-- Task goal --
Reproduce all of the entries character for character, while leaving out any pictures they contain.

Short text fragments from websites

○ ○ ○ ○ ○

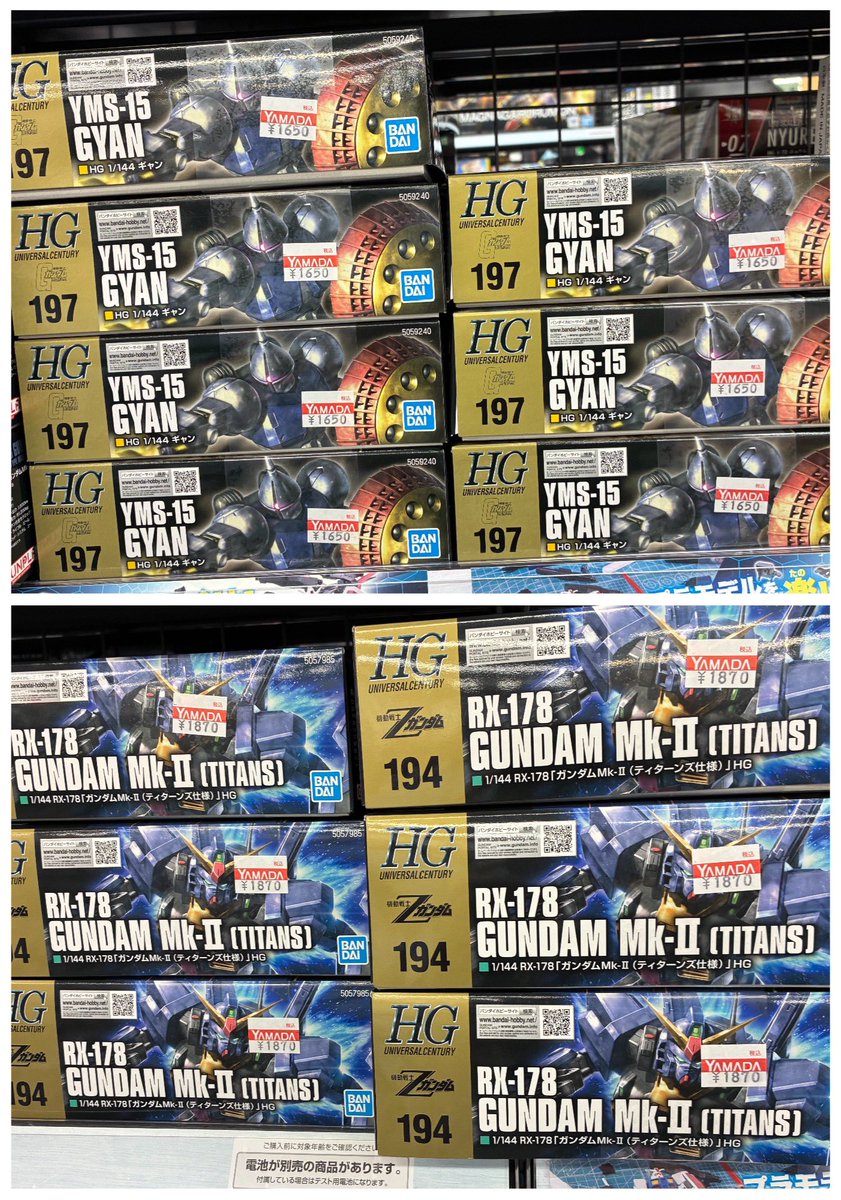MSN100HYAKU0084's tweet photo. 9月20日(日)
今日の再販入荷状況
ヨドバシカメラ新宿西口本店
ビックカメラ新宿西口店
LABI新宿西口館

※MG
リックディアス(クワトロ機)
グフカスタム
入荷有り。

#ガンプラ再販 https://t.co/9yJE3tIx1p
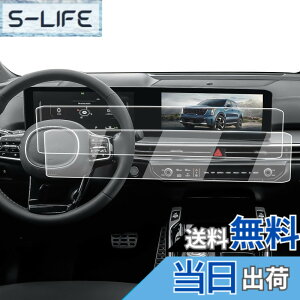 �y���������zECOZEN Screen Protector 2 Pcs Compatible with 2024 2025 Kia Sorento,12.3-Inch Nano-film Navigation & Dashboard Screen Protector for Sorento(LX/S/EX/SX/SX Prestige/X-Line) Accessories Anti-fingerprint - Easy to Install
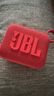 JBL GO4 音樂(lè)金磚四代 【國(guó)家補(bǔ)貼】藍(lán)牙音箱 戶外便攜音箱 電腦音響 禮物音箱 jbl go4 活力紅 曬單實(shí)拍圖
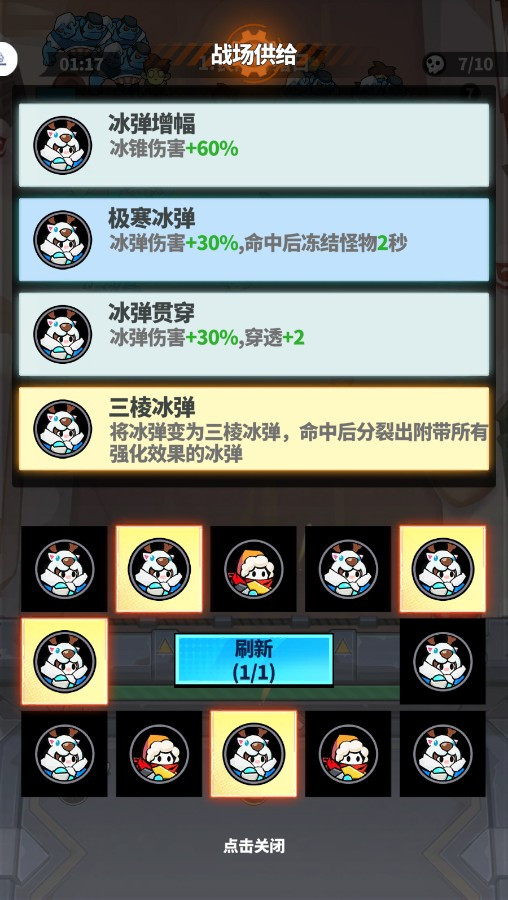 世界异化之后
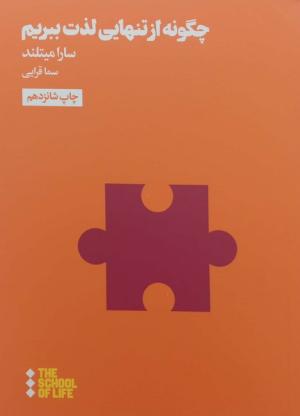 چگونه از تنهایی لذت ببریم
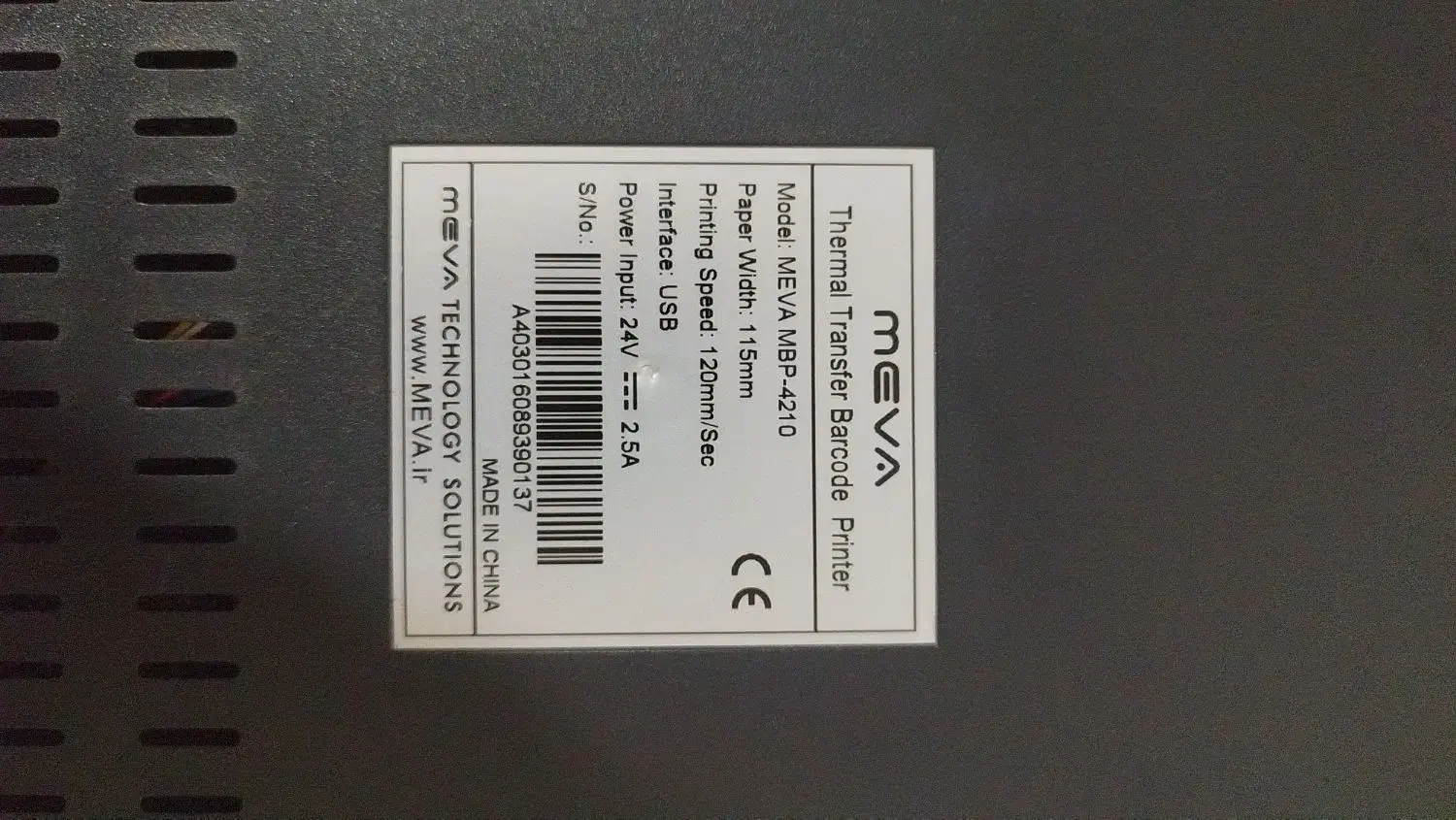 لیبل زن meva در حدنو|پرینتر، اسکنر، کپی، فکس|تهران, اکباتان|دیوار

○ ○ ○ ○ ○

-- The completed task --
MSN100HYAKU0084's tweet photo. 9月20日(日)
今日の再販入荷状況
ヨドバシカメラ新宿西口本店
ビックカメラ新宿西口店
LABI新宿西口館

※MG
リックディアス(クワトロ機)
グフカスタム
入荷有り。

#ガンプラ再販 https://t.co/9yJE3tIx1p
 �y���������zECOZEN Screen Protector 2 Pcs Compatible with 2024 2025 Kia Sorento,12.3-Inch Nano-film Navigation & Dashboard Screen Protector for Sorento(LX/S/EX/SX/SX Prestige/X-Line) Accessories Anti-fingerprint - Easy to Install
 JBL GO4 音樂(lè)金磚四代 【國(guó)家補(bǔ)貼】藍(lán)牙音箱 戶外便攜音箱 電腦音響 禮物音箱 jbl go4 活力紅 曬單實(shí)拍圖
 世界异化之后
 چگونه از تنهایی لذت ببریم
 لیبل زن meva در حدنو|پرینتر، اسکنر، کپی، فکس|تهران, اکباتان|دیوار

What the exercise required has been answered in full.